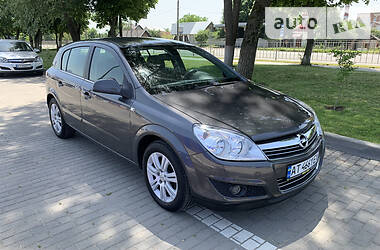 Хэтчбек Opel Astra 2009 в Коломые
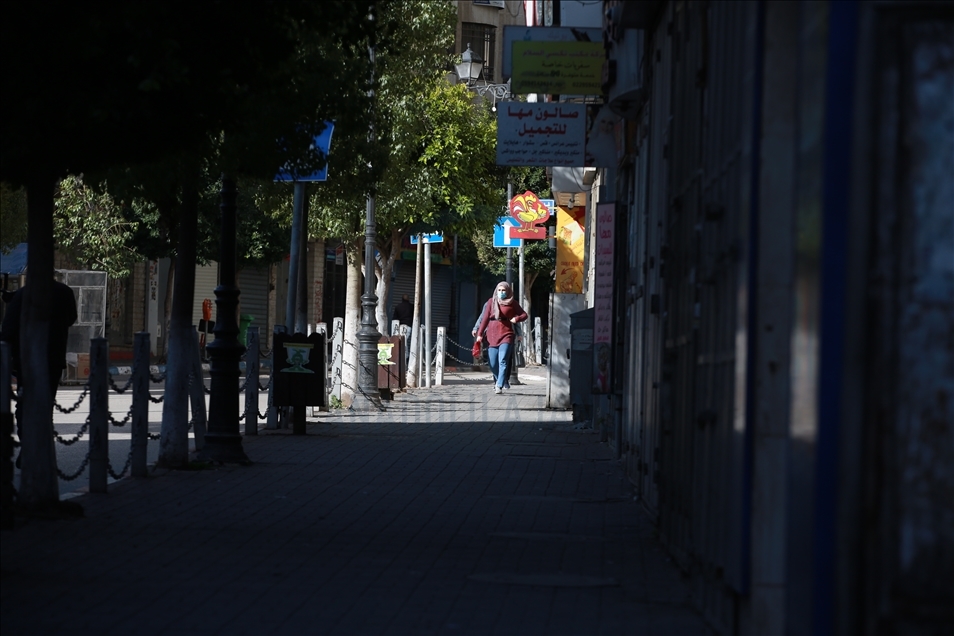 Batı Şeria’nın Ramallah kentinde Kovid-19 tedbirleri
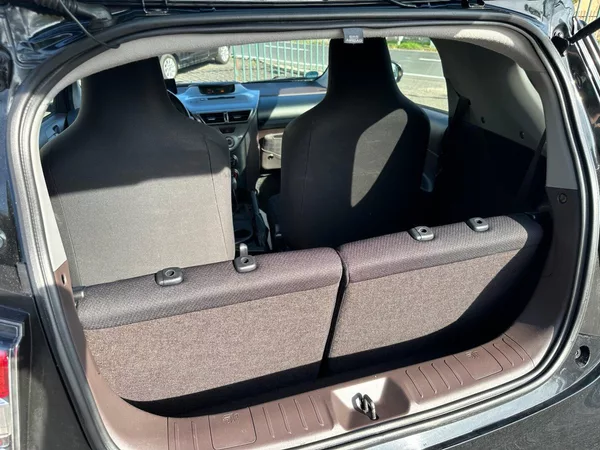 Toyota iQ 1,0 50Kw Automat - foto 12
++++
Assigned task:
Across the whole listing above, repeat each line exactly and leave out the images.

Your solution:
 Хэтчбек Opel Astra 2009 в Коломые
 Batı Şeria’nın Ramallah kentinde Kovid-19 tedbirleri
 Toyota iQ 1,0 50Kw Automat - foto 12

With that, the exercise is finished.